At the line containing "nowe samochody piła", begin an exact copy, and continue through the last line of the entries below. Leave out any pictures.

Stored records
● ● ● ● ● ● ●

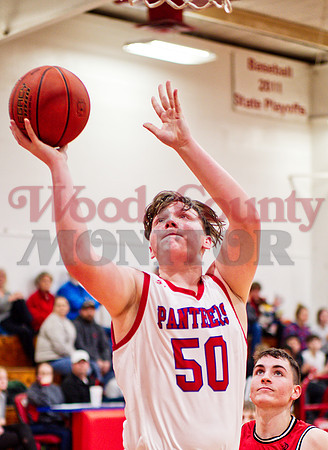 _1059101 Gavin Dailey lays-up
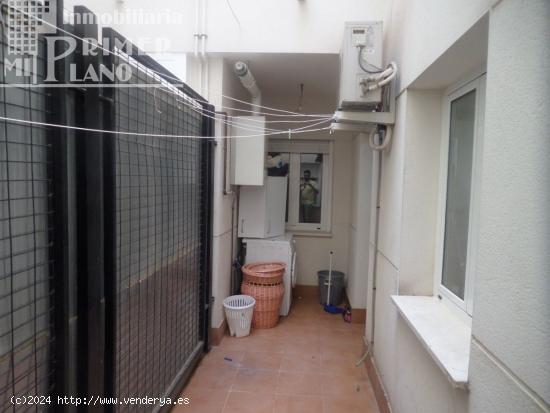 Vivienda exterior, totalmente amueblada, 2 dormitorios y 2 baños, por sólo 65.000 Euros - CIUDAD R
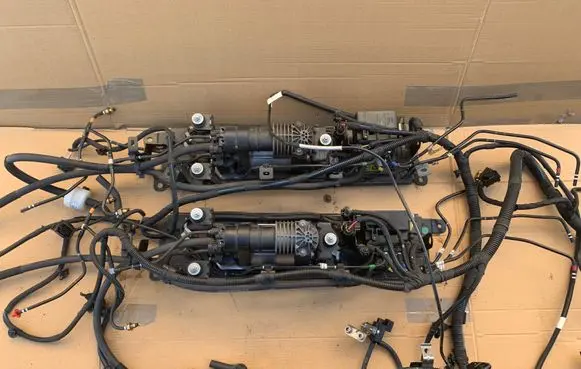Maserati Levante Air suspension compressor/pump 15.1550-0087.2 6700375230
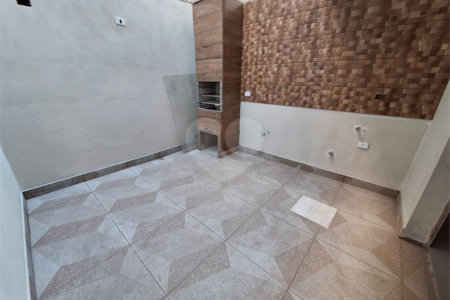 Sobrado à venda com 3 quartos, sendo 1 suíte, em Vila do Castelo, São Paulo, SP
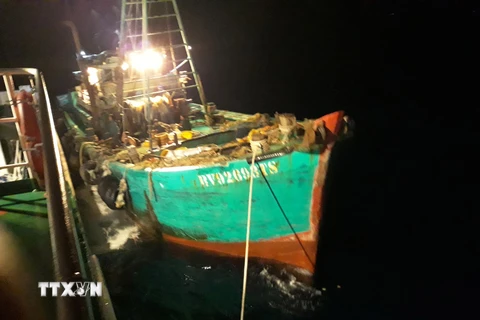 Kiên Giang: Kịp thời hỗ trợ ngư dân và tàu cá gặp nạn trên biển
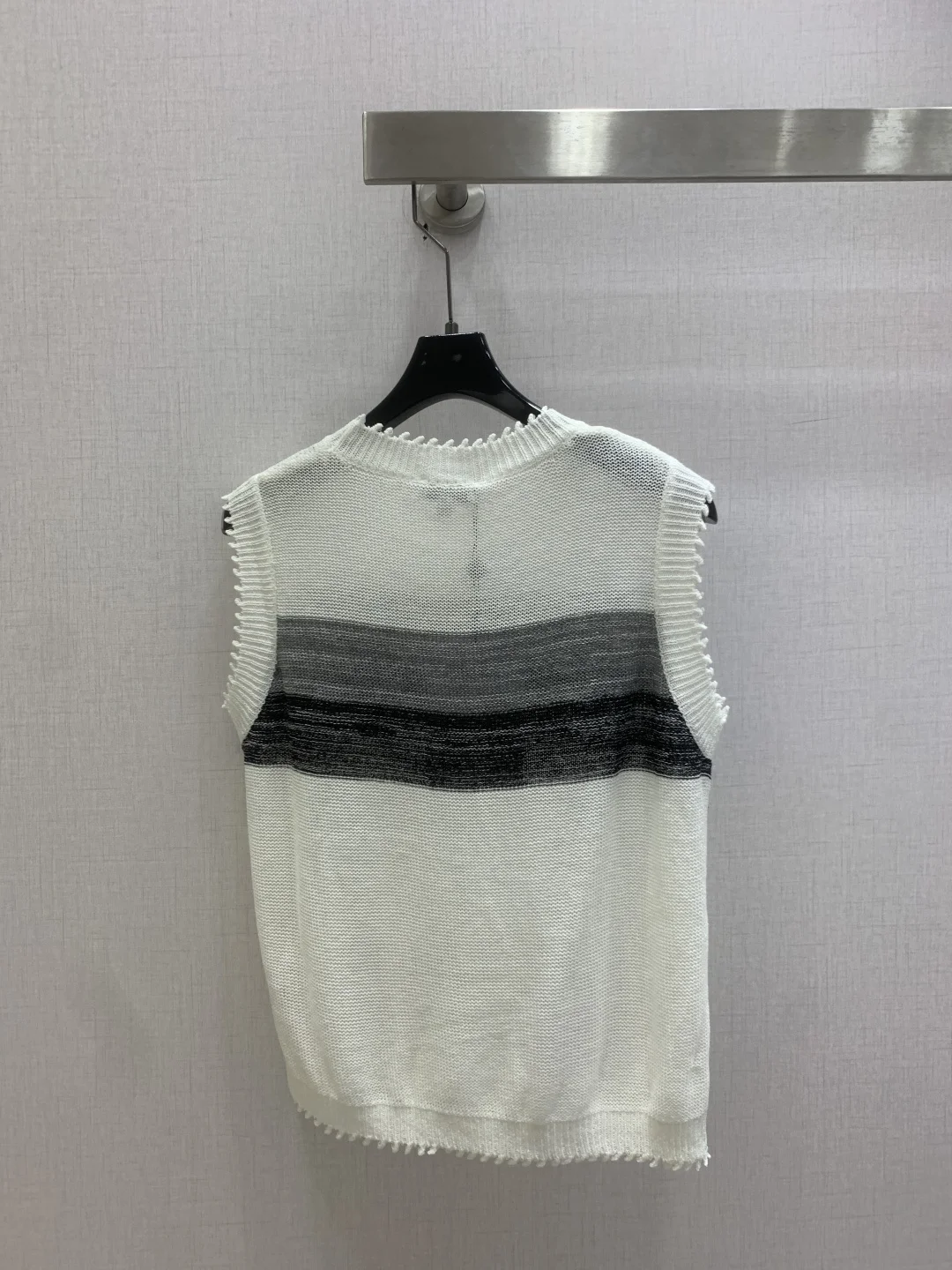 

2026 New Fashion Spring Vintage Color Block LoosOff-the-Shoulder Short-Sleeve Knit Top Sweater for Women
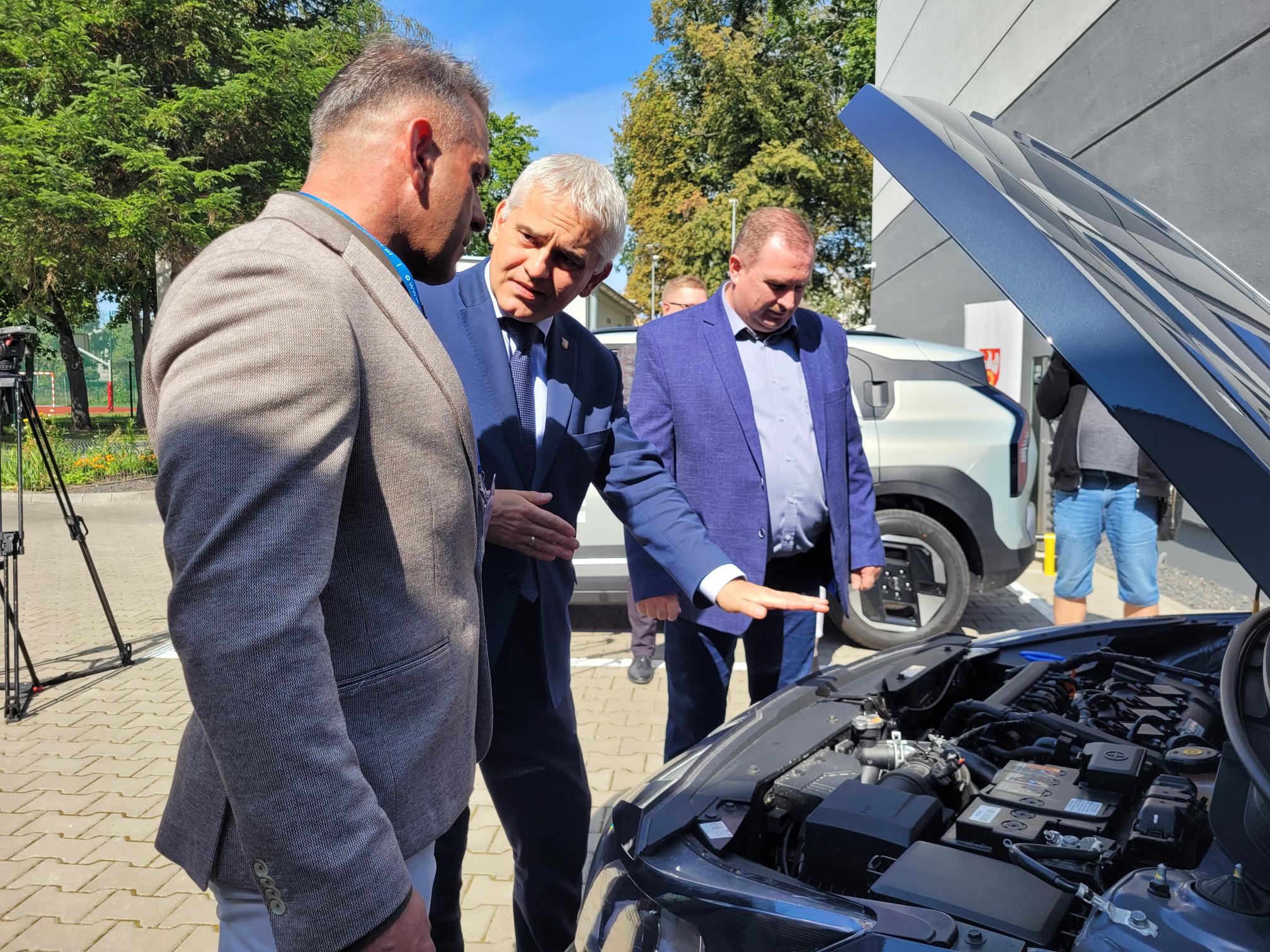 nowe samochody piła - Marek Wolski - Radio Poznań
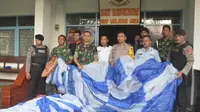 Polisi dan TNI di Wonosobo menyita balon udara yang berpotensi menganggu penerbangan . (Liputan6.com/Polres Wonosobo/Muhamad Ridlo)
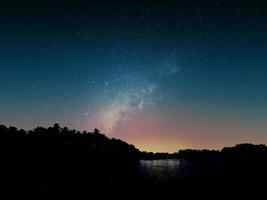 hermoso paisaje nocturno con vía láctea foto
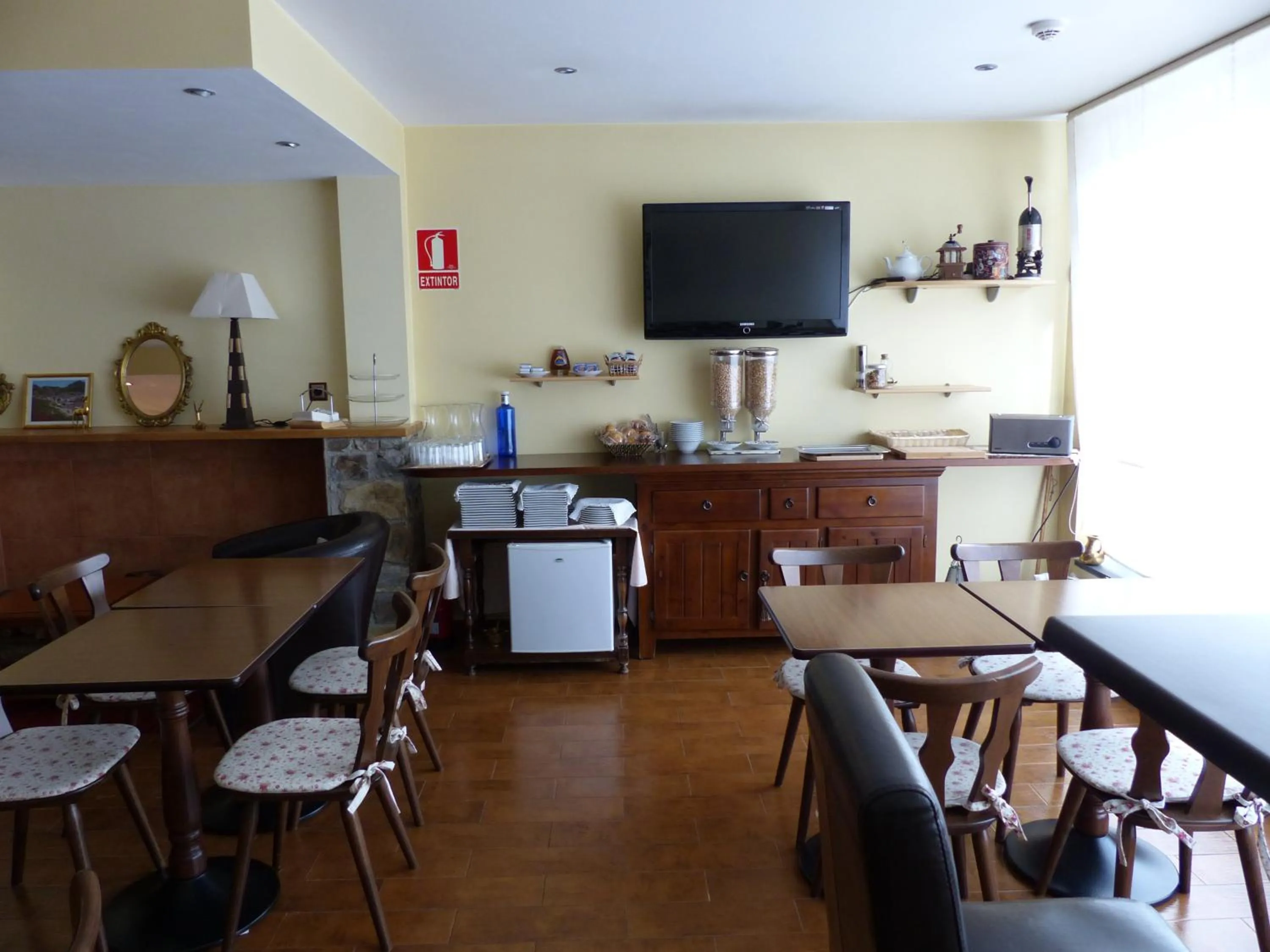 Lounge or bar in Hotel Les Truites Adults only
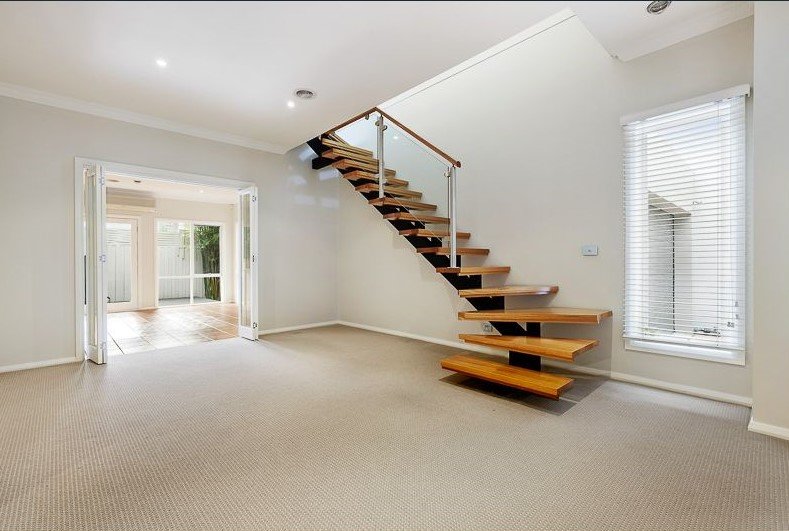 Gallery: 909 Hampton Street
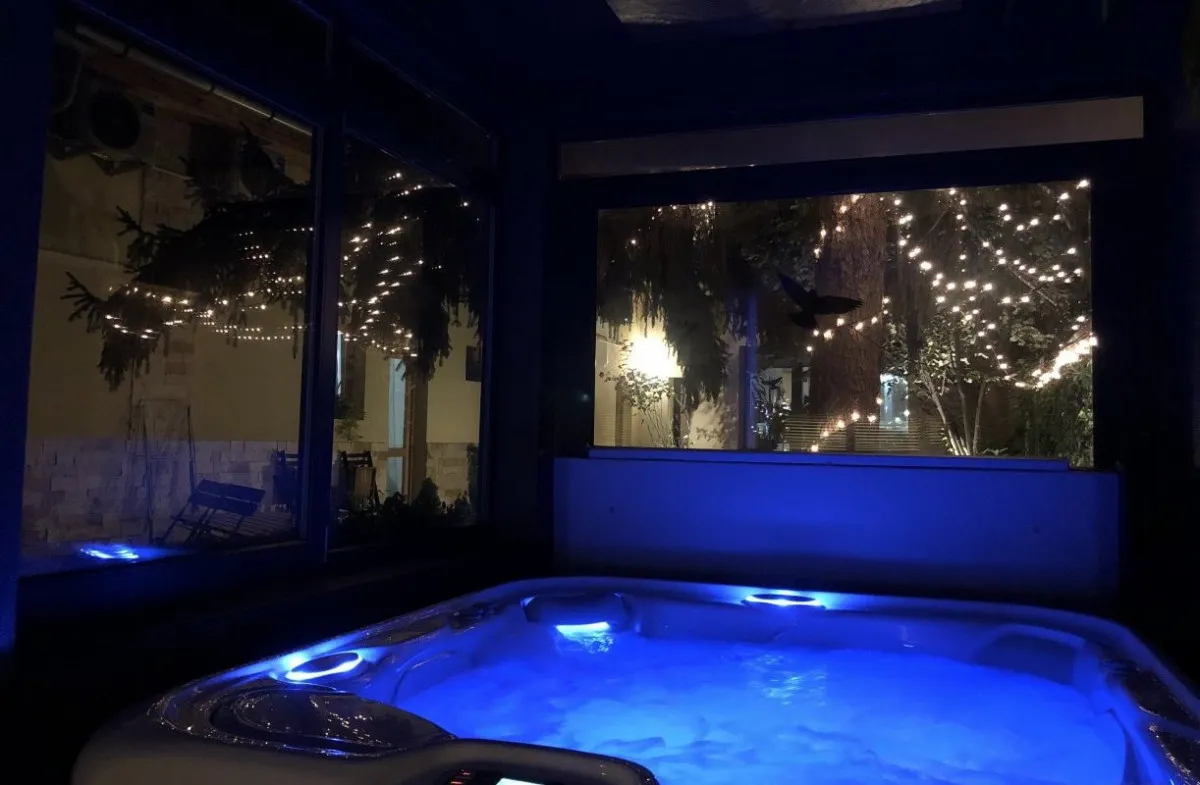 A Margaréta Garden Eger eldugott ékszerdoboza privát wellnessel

● ● ● ● ● ● ●

OUTPUT FOR THIS EXERCISE >>
 nowe samochody piła - Marek Wolski - Radio Poznań
 Polisi dan TNI di Wonosobo menyita balon udara yang berpotensi menganggu penerbangan . (Liputan6.com/Polres Wonosobo/Muhamad Ridlo)
 hermoso paisaje nocturno con vía láctea foto
 Lounge or bar in Hotel Les Truites Adults only
 Gallery: 909 Hampton Street
 A Margaréta Garden Eger eldugott ékszerdoboza privát wellnessel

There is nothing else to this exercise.